D’altra parte ci si può chiedere -ma siamo forse nel campo della teoria politica- se l’attuale crisi, con particolare riferimento al restringimento degli spazi di democrazia e al neoliberismo, caratterizzata dall’arretramento dei diritti sociali conquistati nella seconda metà del secolo scorso, cui deriva la vertiginosa polarizzazione di redditi e patrimoni, non sia altro che la naturale conseguenza dell’incontrastato processo capitalistico, una volta privato degli ostacoli dati dalla presenza dell’Unione Sovietica e dei partiti comunisti di massa.
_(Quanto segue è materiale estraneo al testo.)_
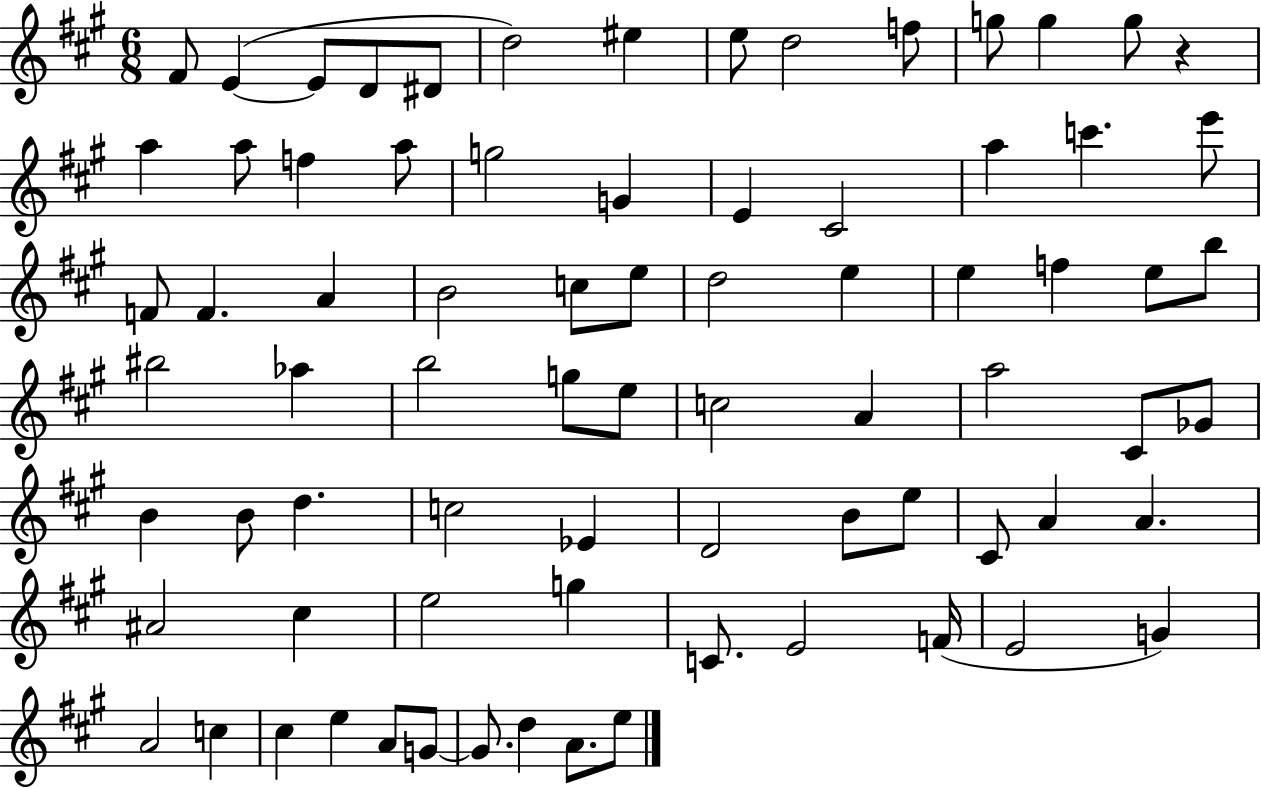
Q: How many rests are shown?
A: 1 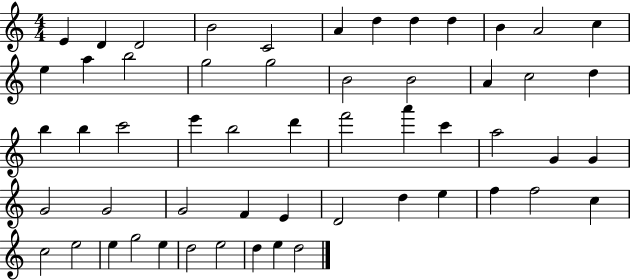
E4/q D4/q D4/h B4/h C4/h A4/q D5/q D5/q D5/q B4/q A4/h C5/q E5/q A5/q B5/h G5/h G5/h B4/h B4/h A4/q C5/h D5/q B5/q B5/q C6/h E6/q B5/h D6/q F6/h A6/q C6/q A5/h G4/q G4/q G4/h G4/h G4/h F4/q E4/q D4/h D5/q E5/q F5/q F5/h C5/q C5/h E5/h E5/q G5/h E5/q D5/h E5/h D5/q E5/q D5/h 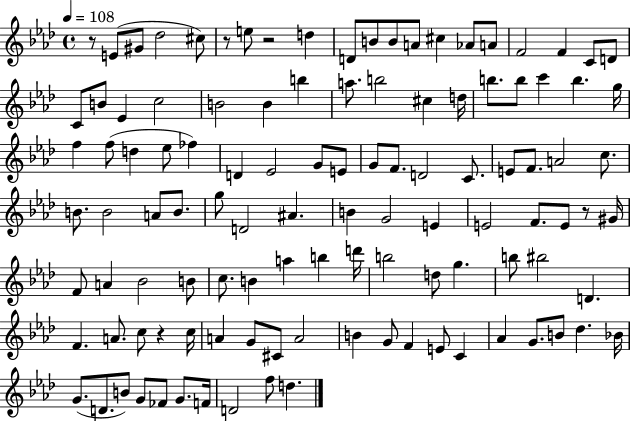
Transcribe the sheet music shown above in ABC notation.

X:1
T:Untitled
M:4/4
L:1/4
K:Ab
z/2 E/2 ^G/2 _d2 ^c/2 z/2 e/2 z2 d D/2 B/2 B/2 A/2 ^c _A/2 A/2 F2 F C/2 D/2 C/2 B/2 _E c2 B2 B b a/2 b2 ^c d/4 b/2 b/2 c' b g/4 f f/2 d _e/2 _f D _E2 G/2 E/2 G/2 F/2 D2 C/2 E/2 F/2 A2 c/2 B/2 B2 A/2 B/2 g/2 D2 ^A B G2 E E2 F/2 E/2 z/2 ^G/4 F/2 A _B2 B/2 c/2 B a b d'/4 b2 d/2 g b/2 ^b2 D F A/2 c/2 z c/4 A G/2 ^C/2 A2 B G/2 F E/2 C _A G/2 B/2 _d _B/4 G/2 D/2 B/2 G/2 _F/2 G/2 F/4 D2 f/2 d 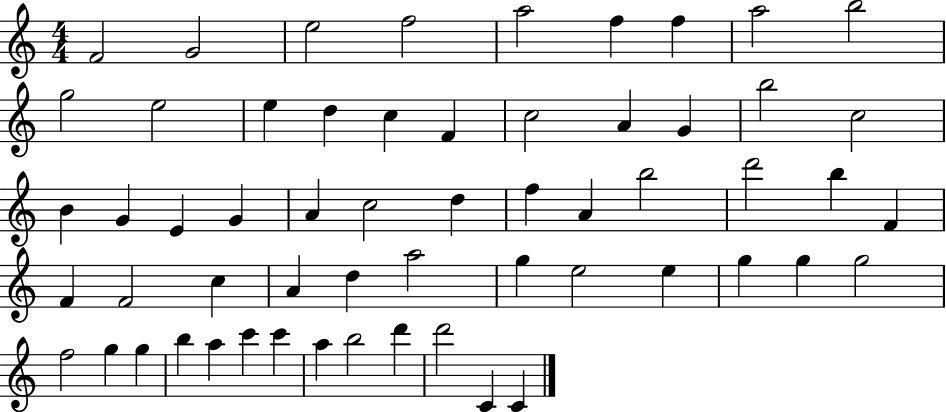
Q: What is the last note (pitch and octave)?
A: C4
È comunque certo, e su questo il saggio fornisce un pregevole contributo di riflessione, che un eventuale movimento anticapitalista internazionale, ancorché non certamente all’ordine del giorno, abbia l’indispensabile compito, oltre all’abbattimento del capitalismo e dello sfruttamento di classe, di mostrare la possibilità e persino il guadagno in termini di civiltà e di relazioni intersoggettive di uno stile di vita più sobrio, meno consumistico, meno competitivo e in definitiva più umano. Anzi, si può affermare, ciò costituirebbe un immenso vantaggio per la nostra esistenza materiale e spirituale: non sarebbe un tornare al passato, bensì un percorso di rinnovamento dei rapporti umani e sociali anche a livello etico: come affermava Che Guevara, la rivoluzione necessita anche della costruzione di un homo novus.

Non vi è dubbio che questo libro possa offrire stimoli ad una riflessione critica sul mondo attuale e spunti per un dibattito per la ricerca di possibili percorsi concreti che possano impedire quella che, ad oggi, appare ai più una catastrofe inevitabile di tutto il genere umano.